### SUPPLIED MATERIAL
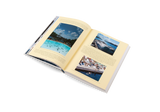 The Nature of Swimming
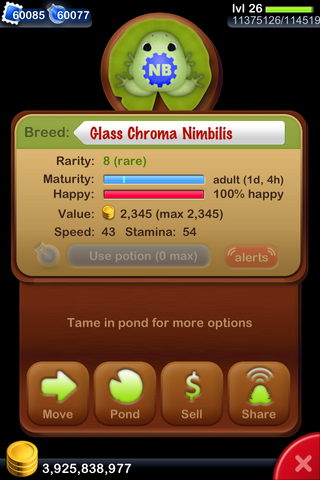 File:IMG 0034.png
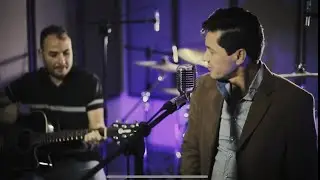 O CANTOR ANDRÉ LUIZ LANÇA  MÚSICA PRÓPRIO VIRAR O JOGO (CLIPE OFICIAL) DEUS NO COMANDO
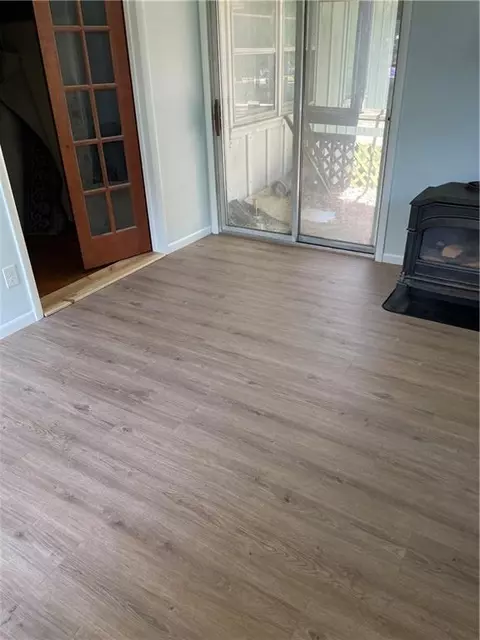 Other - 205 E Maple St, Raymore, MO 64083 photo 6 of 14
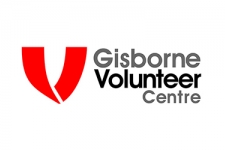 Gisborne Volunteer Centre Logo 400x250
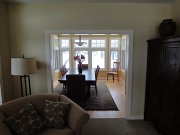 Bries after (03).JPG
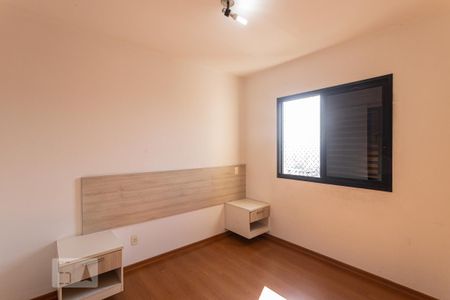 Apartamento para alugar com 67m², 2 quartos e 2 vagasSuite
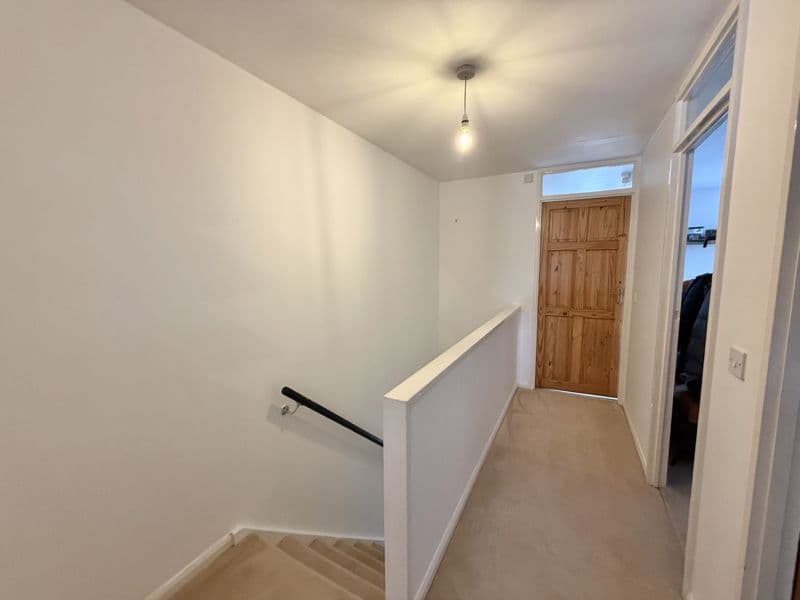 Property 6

---

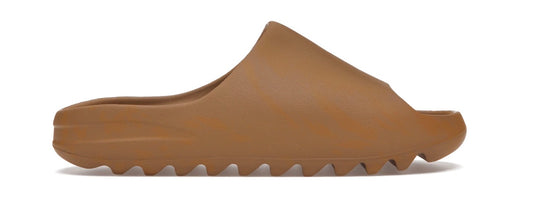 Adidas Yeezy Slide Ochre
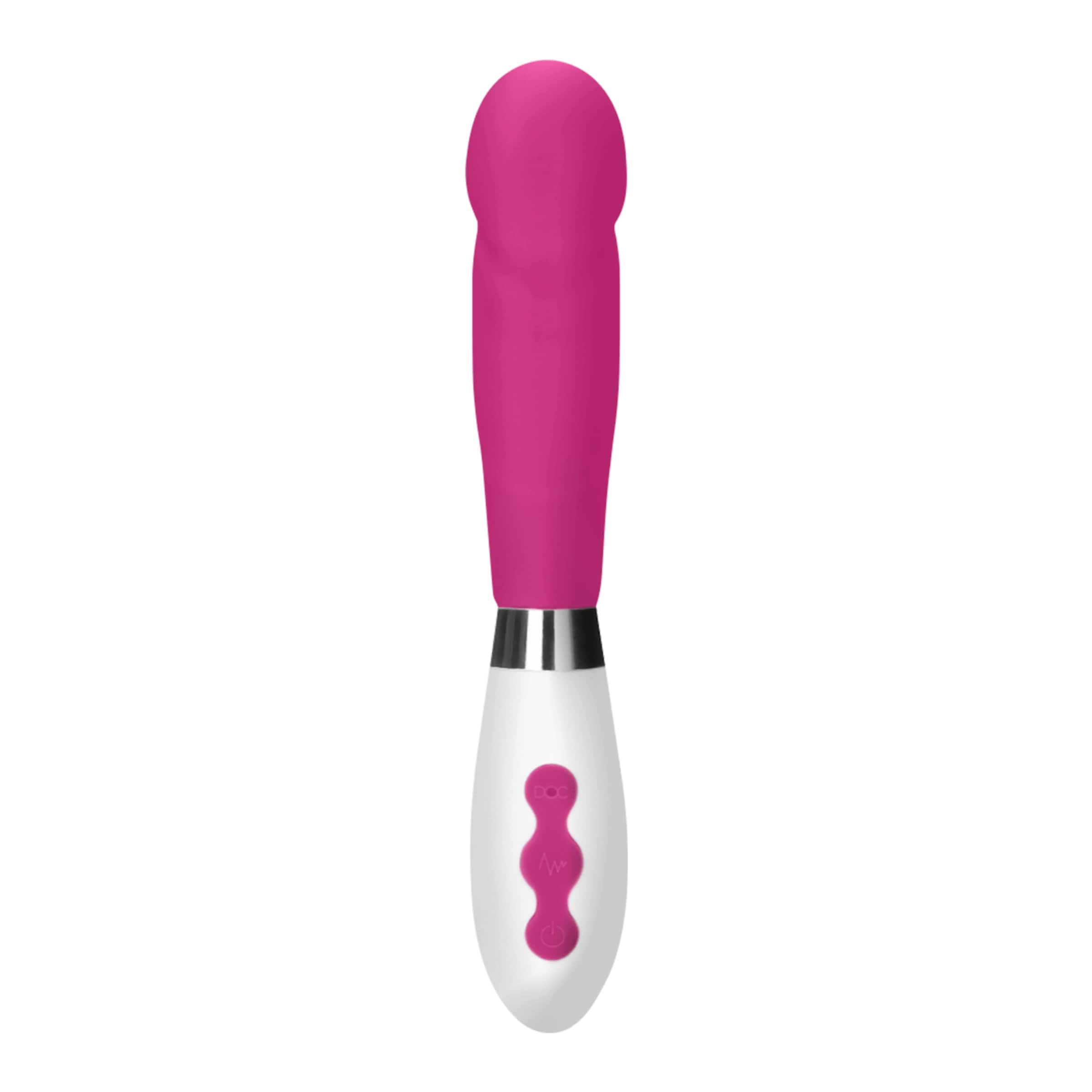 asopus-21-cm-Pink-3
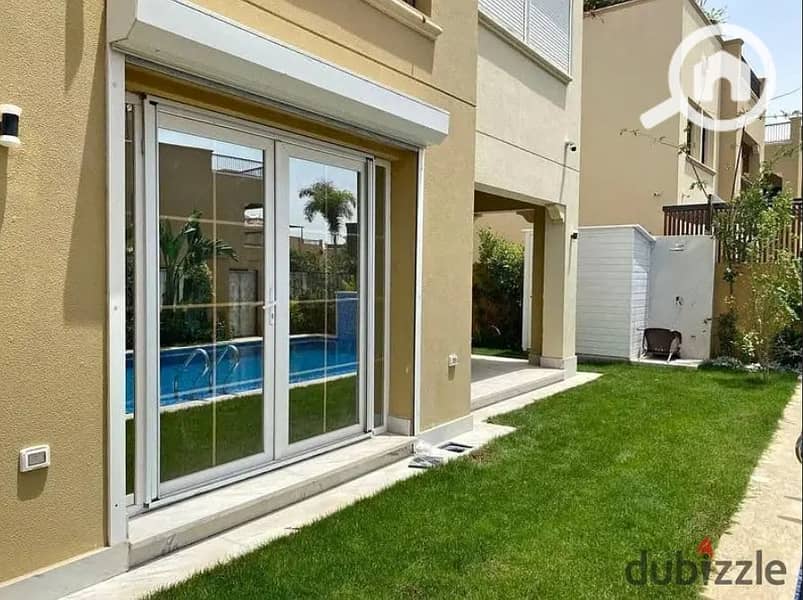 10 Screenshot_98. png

...

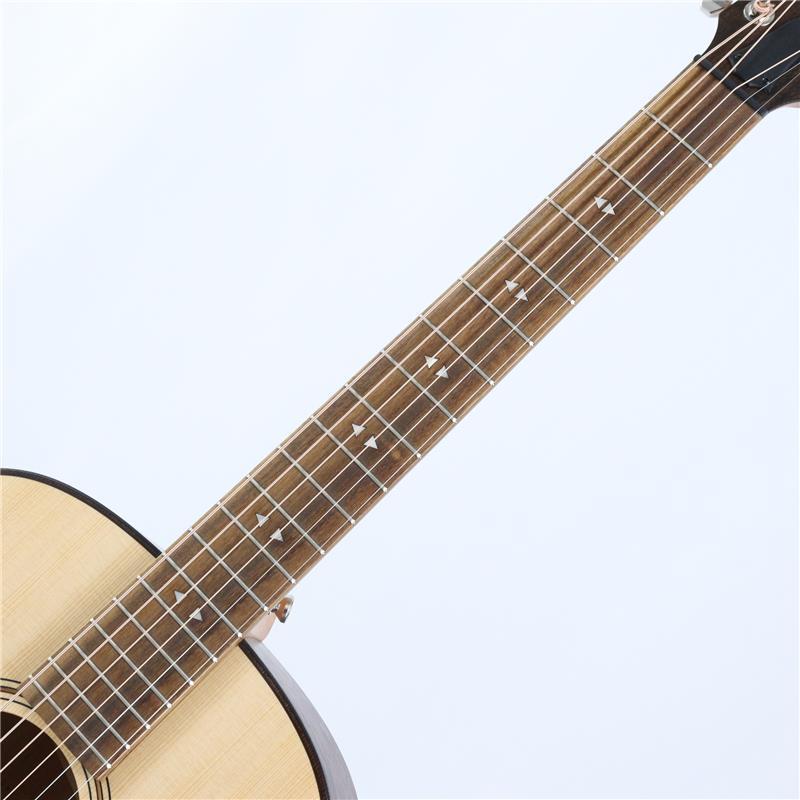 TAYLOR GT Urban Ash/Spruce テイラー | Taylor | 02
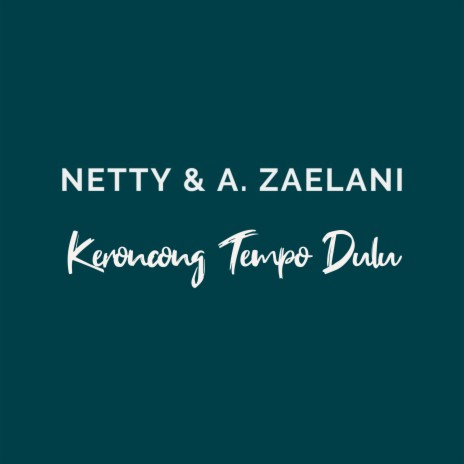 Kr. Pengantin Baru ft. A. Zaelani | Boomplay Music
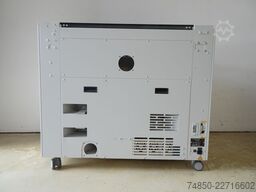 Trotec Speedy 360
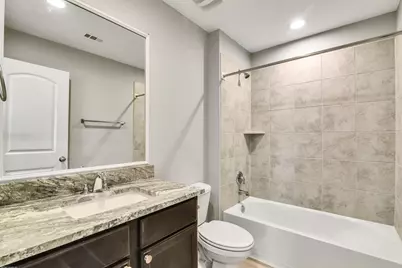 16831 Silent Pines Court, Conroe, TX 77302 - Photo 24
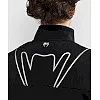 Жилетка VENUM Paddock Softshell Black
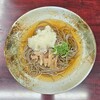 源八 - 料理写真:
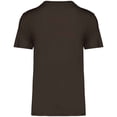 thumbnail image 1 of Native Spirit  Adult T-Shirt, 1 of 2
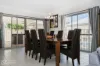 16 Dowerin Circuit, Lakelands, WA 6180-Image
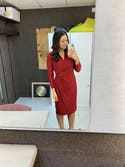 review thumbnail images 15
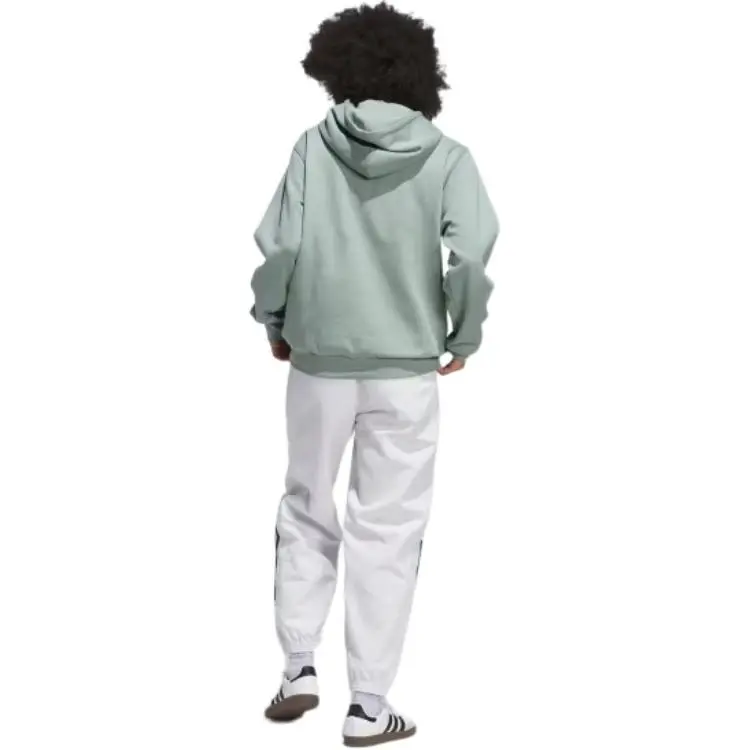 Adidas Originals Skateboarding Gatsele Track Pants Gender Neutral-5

### WHAT THE TASK ASKS
Now transcribe the lines above exactly, starting at the line containing "16831 Silent Pines" and ending at the line containing "Adidas Originals Skateboarding", both lines included, pictures excluded.

### YOUR RESPONSE
 16831 Silent Pines Court, Conroe, TX 77302 - Photo 24
 Жилетка VENUM Paddock Softshell Black
 源八 - 料理写真:
 thumbnail image 1 of Native Spirit  Adult T-Shirt, 1 of 2
 16 Dowerin Circuit, Lakelands, WA 6180-Image
 review thumbnail images 15
 Adidas Originals Skateboarding Gatsele Track Pants Gender Neutral-5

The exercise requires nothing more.